Hay que tener la humildad,
que es en el fondo entereza, de aceptar que siempre habrá quien no nos quiera y
quien no nos apruebe. Necesitamos ambas cosas, pero no de todos: basta con tenerlas
de quien realmente importa, y tampoco siempre. Uno tiene bastante con el trabajo
de seguir su camino, y procurar que sea bueno. Hay que escuchar a los demás,
hay que tenerlos en cuenta: porque nos importan, porque respetamos la aspiración
a su propio camino ―que, nos guste o no, nunca es el nuestro―. Podemos admirarlos, debemos apoyarlos y evitar perjudicarlos, pero no está en nuestras manos hacernos cargo de su libertad
ni de su celda, de su esperanza o su desesperación, de su empeño o su renuncia.

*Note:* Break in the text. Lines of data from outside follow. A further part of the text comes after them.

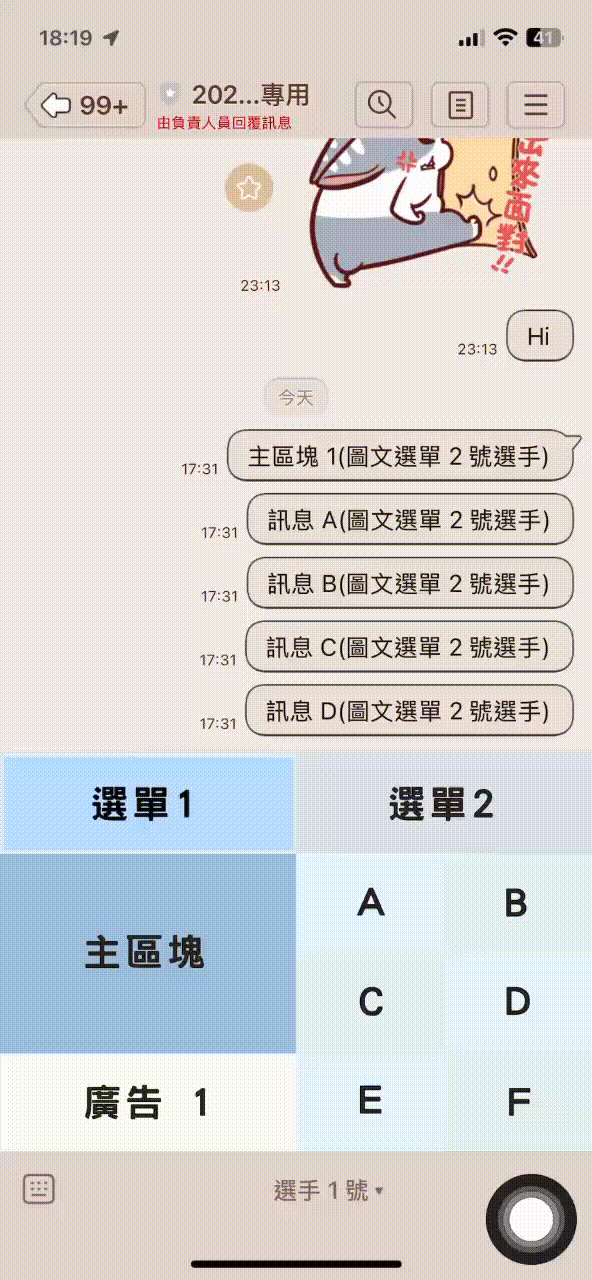 LineBot 實戰影片 GIF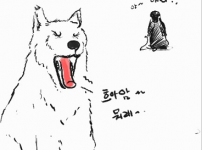 그림24.png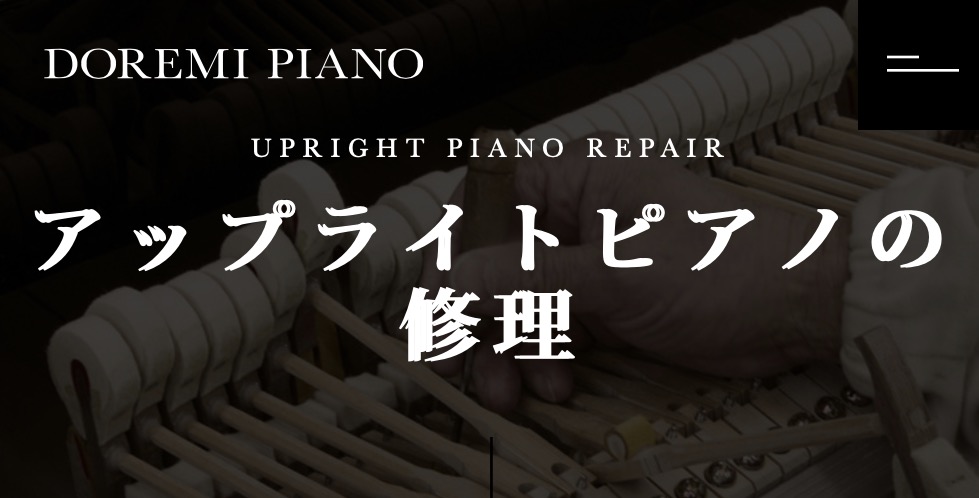ドレミ楽器のピアノ修理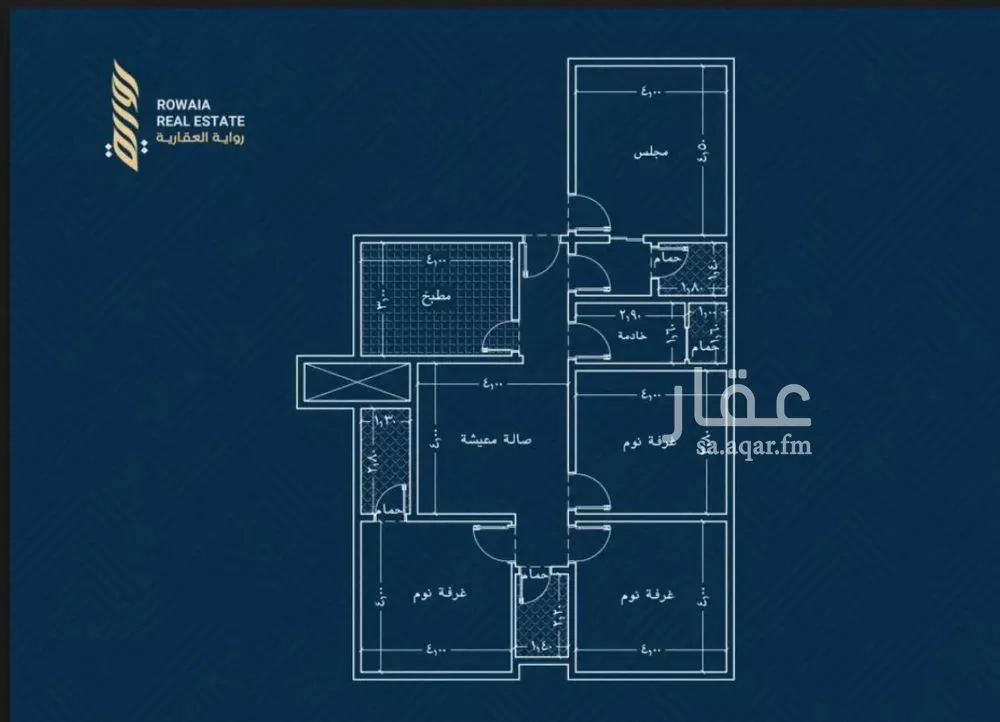 شقة 4 غرف في الريان 4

A veces uno tiene que caminar por su cuenta, y para ello no le queda más
remedio que distanciarse de los suyos; ya volverá, si es el caso, más viejo y quizá
más sabio. Todos somos hijos pródigos de un hogar que preferiría retenernos.
Hay que estar dispuesto a ser censurado cuando se trata de ser uno mismo.